Problem to work on:
All that is needed is each line of the entries holding the word "Dress", copied as it stands.
:: Record excerpts ::
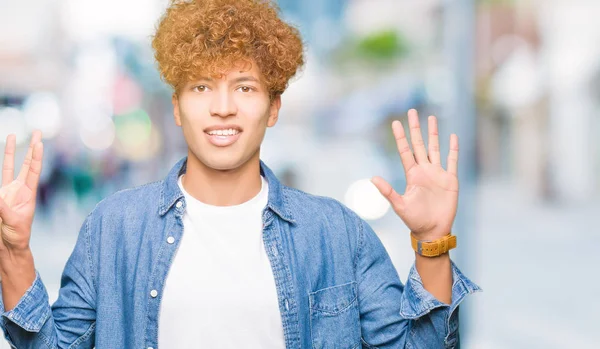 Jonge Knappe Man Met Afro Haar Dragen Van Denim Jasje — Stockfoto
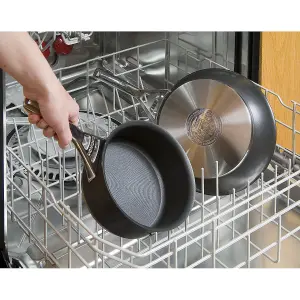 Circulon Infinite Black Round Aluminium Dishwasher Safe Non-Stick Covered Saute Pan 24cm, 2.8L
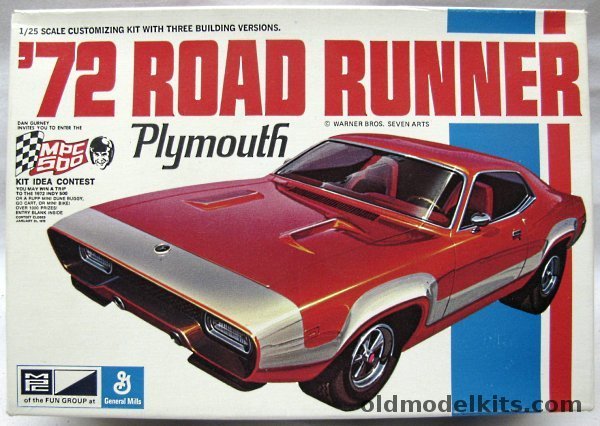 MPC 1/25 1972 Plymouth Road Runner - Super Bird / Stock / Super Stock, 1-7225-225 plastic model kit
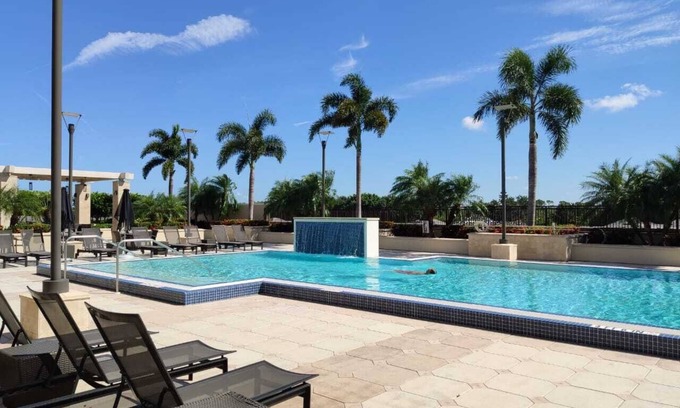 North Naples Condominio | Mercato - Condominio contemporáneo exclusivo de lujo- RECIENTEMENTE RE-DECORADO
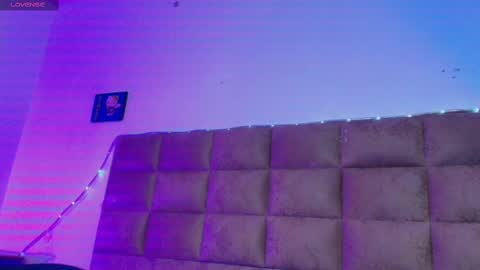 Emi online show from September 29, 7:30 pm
:::
:: Record excerpts ::
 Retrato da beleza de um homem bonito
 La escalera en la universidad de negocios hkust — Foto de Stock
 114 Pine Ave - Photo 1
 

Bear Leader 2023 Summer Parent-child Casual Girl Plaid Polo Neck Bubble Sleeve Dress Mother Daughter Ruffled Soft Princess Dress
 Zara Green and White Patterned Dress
:::
Problem solution:
Bear Leader 2023 Summer Parent-child Casual Girl Plaid Polo Neck Bubble Sleeve Dress Mother Daughter Ruffled Soft Princess Dress
 Zara Green and White Patterned Dress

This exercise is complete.